We hold these truths to be self-evident, that all men are created equal, that they are endowed by their Creator with certain unalienable Rights, that among these are Life, Liberty and the pursuit of Happiness. That to secure these rights, Governments are instituted among Men, deriving their just powers from the consent of the governed.

That whenever any Form of Government becomes destructive of these ends, it is the Right of the People to alter or to abolish it, and to institute new Government, laying its foundation on such principles and organizing its powers in such form, as to them shall seem most likely to effect their Safety and Happiness. Prudence, indeed, will dictate that Governments long established should not be changed for light and transient causes; and accordingly all experience hath shewn that mankind are more disposed to suffer, while evils are sufferable than to right themselves by abolishing the forms to which they are accustomed.
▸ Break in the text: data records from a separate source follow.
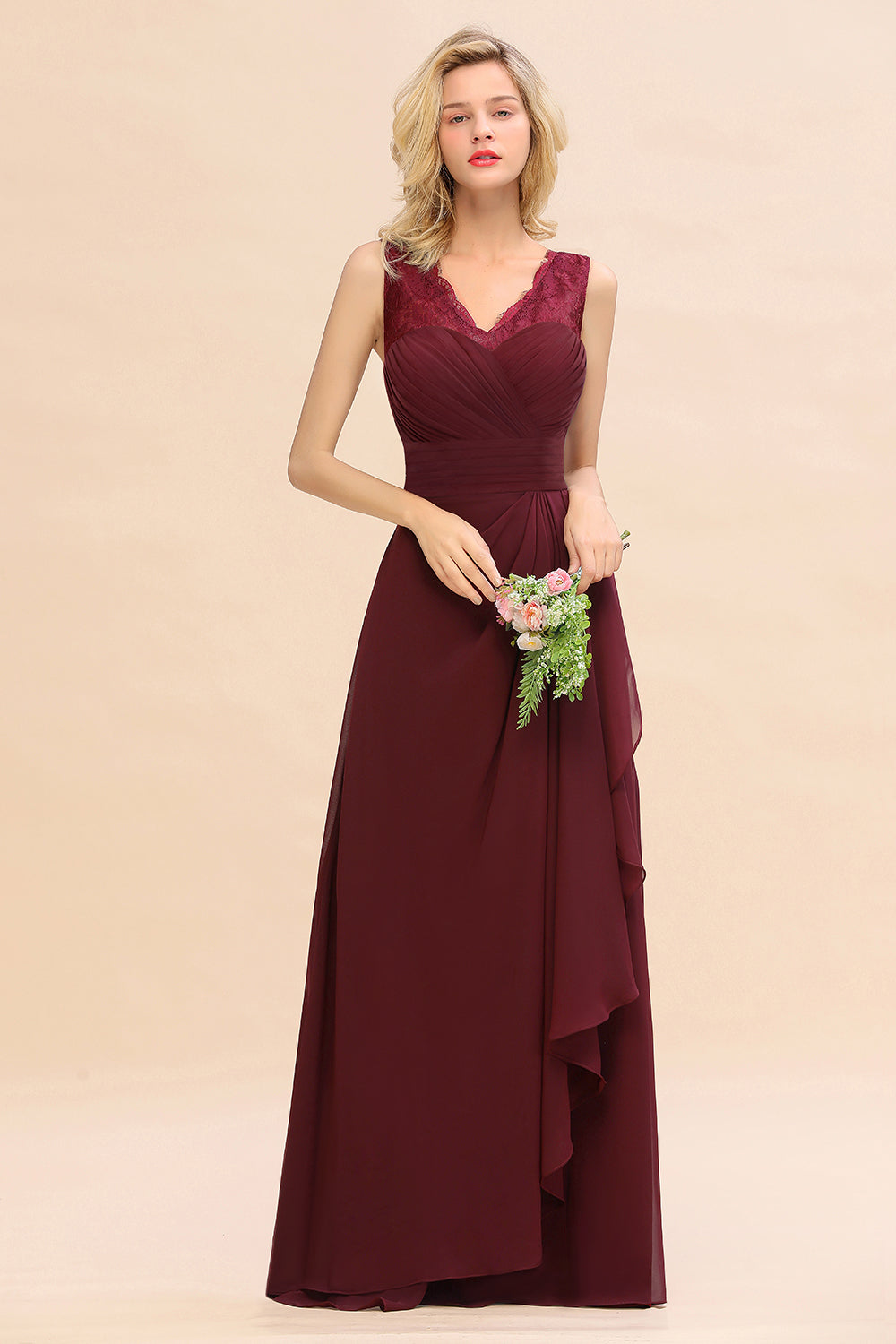 Elegant Lace V-Neck Burgundy Chiffon Bridesmaid Dresses with Ruffle-Babyonlinedress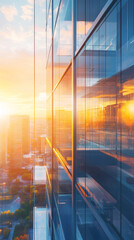 Canvas Print - Golden sunset glowing on sleek glass skyscraper, casting warm urban light across metropolitan skyline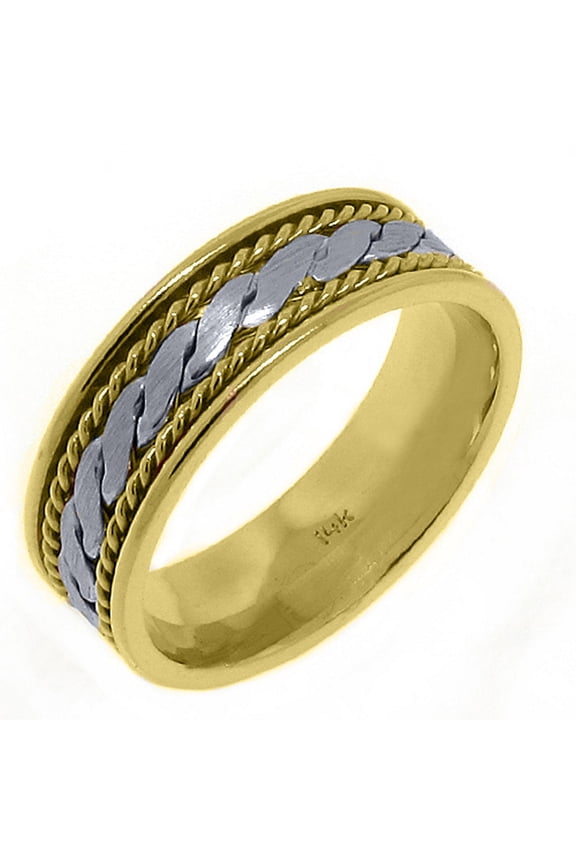 14K Two-Tone Gold Men's Wedding Band 7mm Braided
But when a long train of abuses and usurpations, pursuing invariably the same Object evinces a design to reduce them under absolute Despotism, it is their right, it is their duty, to throw off such Government, and to provide new Guards for their future security.

Tea Partiers believe that modern government has abused and usurped its limited powers–powers delegated by the states and the people through the Constitution in 1789. We believe that life in America will be more stable, more enjoyable, and more sustainable when the government lives by the law we laid down for it.

What Does The Tea Party Do?

Different Tea Party groups do different things.

  • Some organizations hold rallies, share information, and engage elected officials to promote their beliefs.
  • Some Tea Party groups recruit, train, and campaign for candidates for office.
  • Some Tea Parties devote themselves to education and information.
  • Some Tea Parties work with other established groups to get out the vote.
  • Some Tea Parties perform civic work, like helping the homeless or working in schools and hospitals, or restoring neighborhoods.

St. Louis Tea Party does all of these to some degree. We try to focus on getting people involved in the political process through monthly After Party meetings, Get Out The Vote work, and holding politicians in Jefferson City and Washington to account.

What Books Should I Read?

Since Tea Partiers come from many walks of life, we read just about anything. But there are some fundamental works that we believe every American should read.Here are a few books we recommend:

  • The Declaration of Independence and the United States Constitution. Available free from St. Louis Tea Party Coalition and Heritage Foundation
  • The Road to Serfdom by Friedrich Hayek. Available from St. Louis Tea Party Coaltion free to students
  • The 5000 Year Leap by W. Cleon Skousen. Available from St. Louis Tea Party for a small donation
  • The Fourth Turning by William Strauss and Neill Howe
  • Glenn Beck’s Common Sense by Glenn Beck
  • Covenant of Liberty by Michael Patrick Leahy
  • A Patriot’s History of the United States by Dr. Larry Schweikart and Michael Allen
  • Atlas Shrugged by Ayn Rand
  • The Blueprint: How the Democrats Won Colorado by Adam Schraeger and Rob Witwer
  • Any book written by William F. Buckley Jr.
  • A Choice, Not An Echo by Phyllis Schafly
  • The Conscious Of A Conservative by Barry Goldwater
  • The Conservative Mind by Dr. Russell Kirk
  • [to be continued]

This list contains basic philosophical principles, strategies for winning, and intellectual visions of what the future holds.

Of course, there are thousands of great books everyone should read, but these books seem vital to America’s survival.